Python Collect_Titles.py [subreddit1] [subreddit2] [...]
Python Generate_Distributions.py [subreddit1] [subreddit2] [...]
Python Find_Best_Fit.py [subreddit1 [subreddit2] [...]
Java RefitDictionary [total file] [output file]
Java CreateDistributions [training file]
Java TitleModeling [subreddit] ["phrase to check likelihood for"]
Java SimWrapper [subreddit] ["phrase to check likelihood for"]
SimWrapper (Java)
Collect_Titles (Python)
Generate_Distributions (Python)
Find_Best_Fit (Python)
CreateDistributions (Java)
RefitDictionary (Java)
TitleModeling (Java)
Additional Files
The script acesses reddit through PRAW. Reddit requires bots to not make requests more than 30 requests per minute so it is built in to make a request for data every 2 seconds. Each request can fetch 100 posts. Reddit also only caches the top 1,000 posts per time range (new, hot, top).

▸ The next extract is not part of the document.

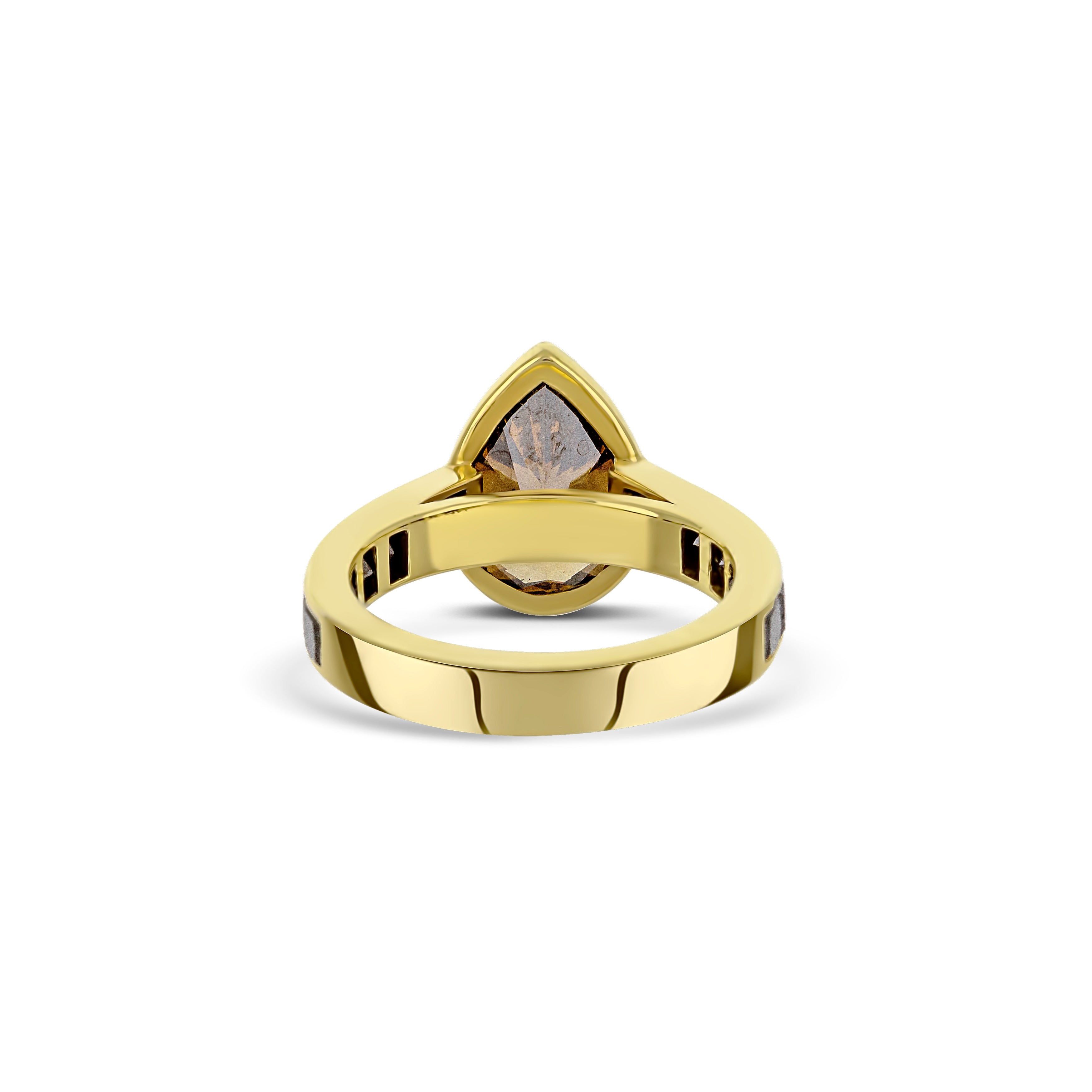 18k Yellow Gold Cognac Pear Diamond Ring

This set of programs will generate the data used for the prediction into text files, if run to its full extent it can generate for a list of N subreddits. This as of now generates 3 files per subreddit: Dictionary/Training File, Unigram Distribution, and Bigram Distribution. As to not clog up the file Collect_Titles being the first one to run attempts to also create the folder Training_Files to store all of these.

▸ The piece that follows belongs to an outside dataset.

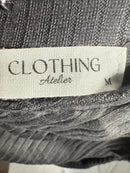 Atelier Women's Wrap Dark Gray Sleeveless Ribbed Knit with Ring Detail Size M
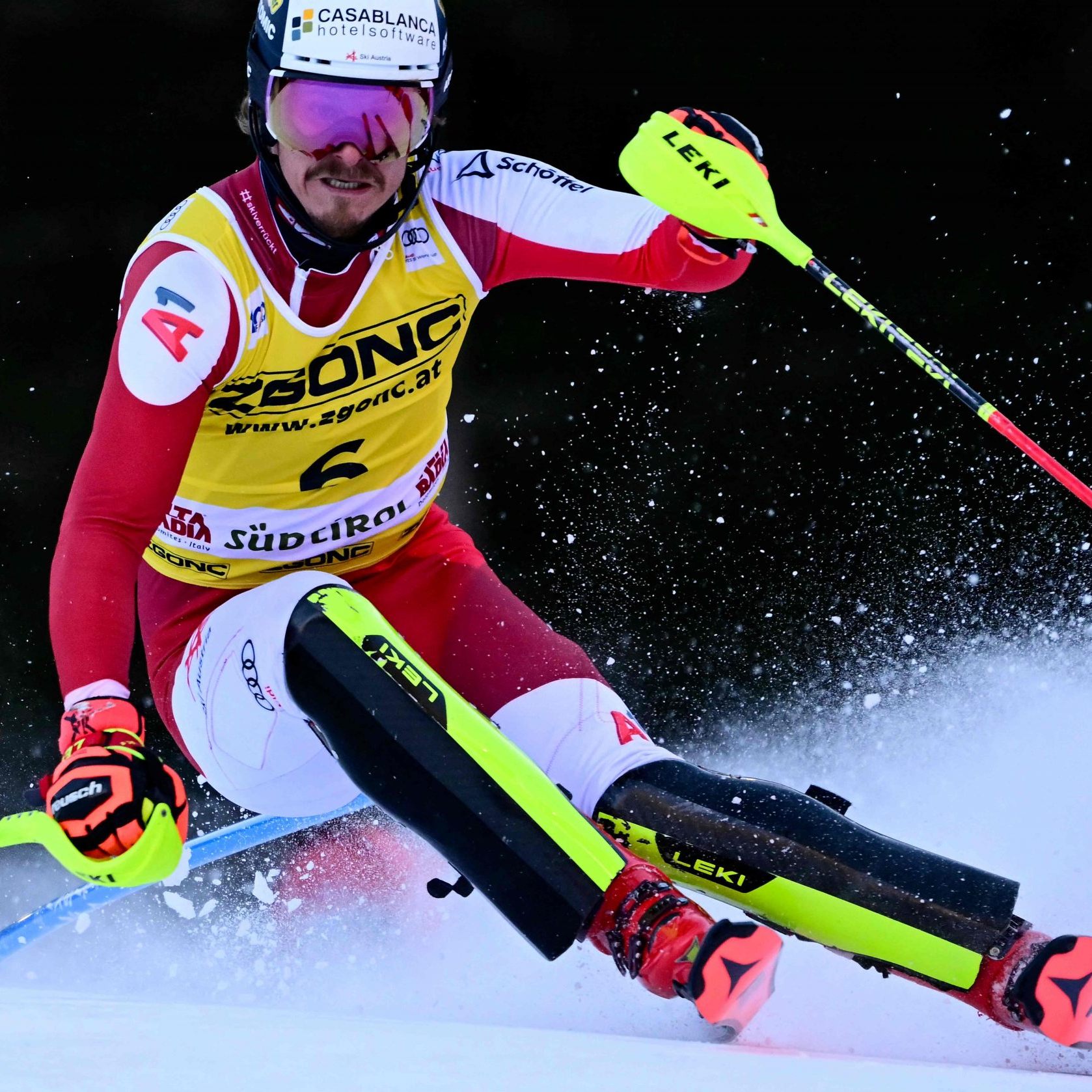 Manuel Feller im 1. Durchgang in Alta Badia.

When running the Python scripts if you pass in "top" as the only parameter it will scroll through the list of the top subreddits. This list was gathered from http://redditlist.com/ and copy and pasted in a file called "TopSubreddits.txt" within the Training_Files folder. A script in Converter converts it from its nasty formatting into a list for the python scripts and Java apps to use.

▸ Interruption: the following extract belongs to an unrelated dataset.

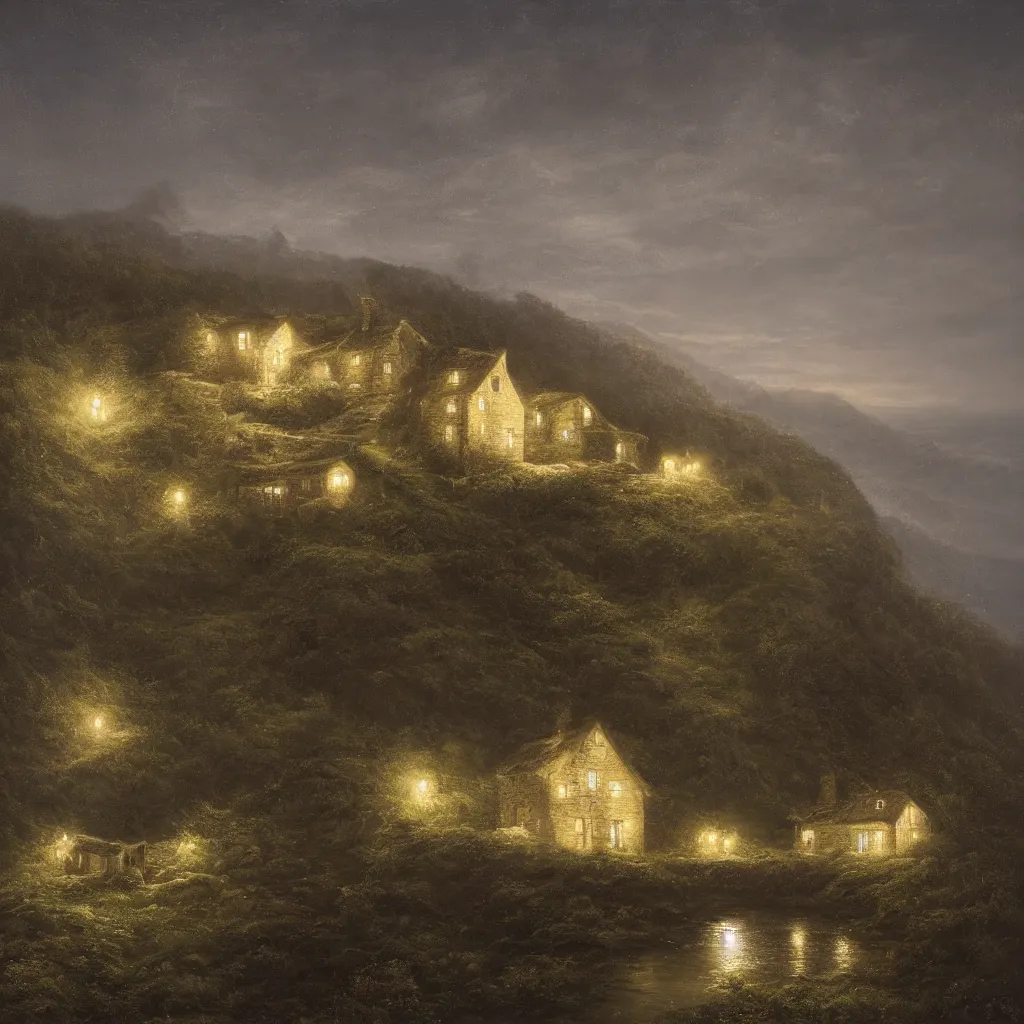 Prompt: A singular decrepit cottage on a mountaintop at night, by Lee Madgwick, hyperrealistic, V-Ray 8k UHD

This "top" parameter will allow you to collect and learn from as much data as you want.
The program makes efficient use of hashtables to model and learn from the distributions and to perform the prediction. The time cost of it has been drastically cut down since the prototype. However the stall is largely due to: 1) Accessing Reddit itself for the data as their are caps on requests per minute 2) Creating the distributions from the initial data
Moving from Scanner to BufferedReaders as well as a wrapper for creating the Distribution has massively increased the speed of program. As of now once the distributions are created the simulation can run through the top 250 subreddits and determine order the likelihood of each in under 1.5 seconds.
This was inspired by a desire to practice Python, a personal desire to see if its possible to model and predict titles off of Reddit, and make combine this with an algorithm learned through my studies at UCSD. The algorithm was developed for a Artificial Intelligence class via probabilistic reasoning.